The History and Future of Calamari

nwl

Calamari was started in the summer of 2013 with the goal of creating a Ceph management platform that, while not necessary to run Ceph, would make it easier and more efficient to do so. It’s exciting to see the project open-sourced with so many eager to contribute.

The vision for Calamari is to provide 5 core ‘pillars’ of functionality or workflow:

  1. Provisioning: to allow an admin to deploy the Ceph software on an operating system.  This function is currently provided by ceph-deploy.

  2. Configuration: to enable policy and component settings to be applied to a cluster. In particular, allow the admin to define CRUSH maps.

  3. Monitoring: to ensure that critical events that require user interaction are highlighted and provide the admin with an “at a glance” view of cluster metrics and status. This pillar involves providing clear visualizations of complex data sets.

  4. Management: to enable ad-hoc changes to a running cluster, typically in response to monitoring information.

  5. Analytics: to interpret information from the cluster to help suggest actions or even to apply them automatically.

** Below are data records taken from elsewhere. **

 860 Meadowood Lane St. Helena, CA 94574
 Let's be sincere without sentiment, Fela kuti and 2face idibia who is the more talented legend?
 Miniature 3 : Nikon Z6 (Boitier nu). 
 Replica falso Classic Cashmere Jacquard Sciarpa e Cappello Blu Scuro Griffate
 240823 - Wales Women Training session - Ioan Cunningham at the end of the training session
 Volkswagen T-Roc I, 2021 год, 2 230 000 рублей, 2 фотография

The first 1.0 version was developed by Dan Mick, Yan-Fa Li and Noah Watkins, and came out after 4 months of rapid development as part of the first release of Inktank Ceph Enterprise.  It was almost exclusively focused on monitoring. In particular, the goal was to create a simple dashboard that would allow the Ceph admin to see the most important details about the cluster and provide visualizations to aid with debugging issues. John Spray and Gregory Meno joined the team a few months later and version 1.1 shortly followed, bringing several visual and architectural improvements to the dashboard.

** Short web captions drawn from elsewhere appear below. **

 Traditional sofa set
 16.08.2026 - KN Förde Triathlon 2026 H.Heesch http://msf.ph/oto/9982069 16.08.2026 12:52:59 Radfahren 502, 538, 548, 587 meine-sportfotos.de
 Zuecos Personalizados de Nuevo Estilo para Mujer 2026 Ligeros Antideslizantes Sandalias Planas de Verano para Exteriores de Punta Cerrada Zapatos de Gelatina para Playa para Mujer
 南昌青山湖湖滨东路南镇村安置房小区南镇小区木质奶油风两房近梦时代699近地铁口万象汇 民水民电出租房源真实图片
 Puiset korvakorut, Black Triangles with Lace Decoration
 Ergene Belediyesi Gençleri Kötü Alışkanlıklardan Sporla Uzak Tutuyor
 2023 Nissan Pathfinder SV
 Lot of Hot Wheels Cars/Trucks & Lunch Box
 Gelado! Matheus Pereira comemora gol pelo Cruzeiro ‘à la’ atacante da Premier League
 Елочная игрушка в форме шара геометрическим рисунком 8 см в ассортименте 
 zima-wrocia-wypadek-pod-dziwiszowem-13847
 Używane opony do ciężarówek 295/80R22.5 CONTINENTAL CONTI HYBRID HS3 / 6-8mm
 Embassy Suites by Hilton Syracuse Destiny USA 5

For the past 6 months the team has been focused on v1.2, which has brought in the first set of management features around OSD, Pool and Placement Groups as well as a major re-architecture to improve responsiveness and allow a wider set of topology options for where Calamari would sit in a network.

Lessons Learned

Along the way, we’ve learned a considerable amount about what works and doesn’t work in managing a Ceph cluster.

Visualizations

What we called the “Workbench” view was a first attempt at representing a physical topology in a way that allows sorting and filter by component status. The original implementation was limited to a fixed numbers of OSDs.  We explored alternative ways of showing the info (such as a Google Maps style scan-and-pan or a hexagon-based unit for hosts) but have not yet implemented them due to a lack of resources. Providing visualizations that scale from a few hosts to thousands of hosts is non-trivial and there is much UX best practice that we need to build on.

Opinions

While the goal of the analytics pillar was to embed the knowledge of an experienced Ceph admin into Calamari (what I used to call “Kyle Bader in a box”, in reference to DreamHost’s original Ceph admin), we discovered that even trying to provide a simple NOC-friendly dashboard on top of the monitoring functions required opinions to be embedded into the code (e.g., what PG states should be considered cause for concern). More work needs to be done to ensure we have the right data to make opinionated judgements about when the red flag should be waved, and some of this will require changes in Ceph.

API

The first version of Calamari retrieved data from the Ceph cluster via Dan’s ceph-rest-api package, which provided a simple map of the CLI to a web-based service, and was also intended to allow the community to develop tools around Ceph (and explicitly to ensure Calamari was not a lock-in).

However, in line with the need for subjective opinion to parse multiple data sources, we realized that to allow people to easily build tools (and to provide a foundation for features like SNMP traps) it was useful to provide a higher-level interpreted API so the analysis happens before the data is transmitted. The Calamari REST API does this to allow the GUI to focus on showing data rather than crunching it. We expect the Calamari REST API to evolve into a superset of the existing monitor API.  This will ensure that both granular and interpreted data is available for people to hook into external monitoring tools, and that community efforts can focus around building and ecosystem around a single API.

The Future

Of the remaining pillars, provisioning and configuration were intended to be embedded into Calamari using existing tools like Foreman, Puppet, Salt, and similar tools.  This should be simpler than developing the features natively, but this is clearly not the only possible architecture. I’d love to see a clean interface that allows users to choose their tools but still allows Calamari to drive a coherent, integrated workflow.

I personally believe Analytics is the most interesting area to develop, particularly if a privacy respecting way can be engineered to allow Ceph users to share data with each other. Being able to see what drives fail the most frequently, what settings are optimal for particular workloads, and what hardware has the best performance would provide a wealth of raw data for individual organizations or the broader community (depending on one’s appetite for sharing).  This would allow us to develop the intelligence to automate management tasks in response to system status, pushing Calamari beyond a simple lever-driven management tool into something which further enables Ceph to deliver low-cost storage through operational efficiency.

Finally, the Inktank professional services team has expressed interest in adding a 6th pillar to Calamari, that of Performance Testing i.e embedding the common tools they used to test cluster performance so that Calamari could aggregate and store test results (also for possible sharing).

I look forward to discussing all these options and more at the upcoming developer summit being run to welcome Calamari to the Ceph developer community.